We have to understand that when we're operating in that space. So if there's an award that comes to us, you have to take it with a grain of salt, because we know on one hand that we have worked really hard and we have made a lot of noise and we are quite deserving in terms of the actual emotional and creative labor that has gone into some of the things that we've created. That's not always the reason why [we get the award]. Sometimes the reason why is because it's open and it's vacant and they need someone there. And so knowing that, we kind of just manoeuvre ourselves into those spaces, get your coin, get your bag, and then make sure that we invest it into things that help to grow the missions or the agendas that we're committed to. And it does matter where the money comes from.
IR: Yes it does, sometimes you don’t want to be compromised.
TG: There are some things where we just have to say, “No, thank you for the acknowledgement, but you can't keep that award.” We've had to do that in the past. I can't say what they were because we'd get in trouble, but yeah, there are some people who wanted to give us stuff and we were like, "Oh hell no, you can keep that."
IR: That’s radical af.
TG: I find it frustrating that we can’t address the intergenerational wealth of the art patronage in this country? I just feel like the things that we don't talk about in the art world that affect emerging artists who are just trying to be creators and make a living for themselves and survive in the same economy as everyone else, end up taking an emotional toll on artists. And then to not talk about those horrendous experiences that they might have, just trying to navigate through a bunch of gate-keeping curators or art patrons who will give them money, ends up leaving people and young artists with PTSD.
IR: I think that's when you need your community, your tuakana, those people who will actually look after you. We've got a symposium coming up about sovereignty. And I've been asking lots of my interviewees what sovereignty means to them in their art practice. And I guess in line with what we're talking about, states of being. What are your ideas around that?
TG: I never knew that self-determination would play such a pivotal role in my practice. This sounds super naive, but I never knew that there was anything wrong with the world that I was being asked to participate in most of the time until I started to look at things through my practice. I'm formally trained as a filmmaker. I went to Uni to get into their performing arts program with a major for directing and writing for screen and for the stage. And I just remember all these texts that we were given to consume and to study and to have as a cultural point of reference for making. And it wasn't until that moment, that I realised how absent I was from, I guess, the majority of cultural reference points for storytelling. And so I really had to go on a journey of self-discovery and ask myself questions that I didn't think were related to filmmaking. “Who are you? What are your politics? What are you about?”
IR: It's funny, I thought the exact same thing, haha.
TG: I thought filmmaking was just taking a cool idea and putting it in front of a camera and getting people to do stunts and bossing people around and telling actors to cry and laugh.
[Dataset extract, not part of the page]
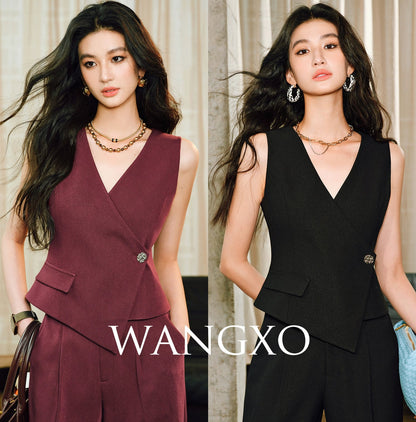 WANGXO | Cool Skin-Friendly Slanted Vest & Single-Pleated Trousers Elegant Suit- VEDA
So I had this almost childlike, naive understanding of film practice. And then when I realised that I actually needed a perspective and a point of view as a human to be able to tell human stories, it shifted my approach to storytelling. And that's why I still struggle today to find a media, because I learnt at the same time that the medium was just a tool or just a device for telling the story.
The one thing that had to be addressed almost immediately before I could continue working was addressing who I was in a very self-determined manner. And over the years that position has changed as I've grown as a person. And I've watched that happen to most of my creative peers as well and my friends. I came to realise everyone was on a journey and we were all trying to figure out what our perspective or point of view is. And for the first time I realised that whatever it is, is up to me, and if I don't define what it is, that other people will do it for me. So sovereignty in relation to this conversation is about being able to decide for yourself what is relevant to your lived experience, what your lived experience actually is, and also how that lived experience can be channeled in a way that helps people to fundamentally understand something about themselves as well. And you can do that by servicing your own creative needs. You can say, "Well, I only want to determine my own narrative or my own story." And as a byproduct of that, if that means that someone out there in the world relates to it, I don't have any control over that or have control over it as my own story.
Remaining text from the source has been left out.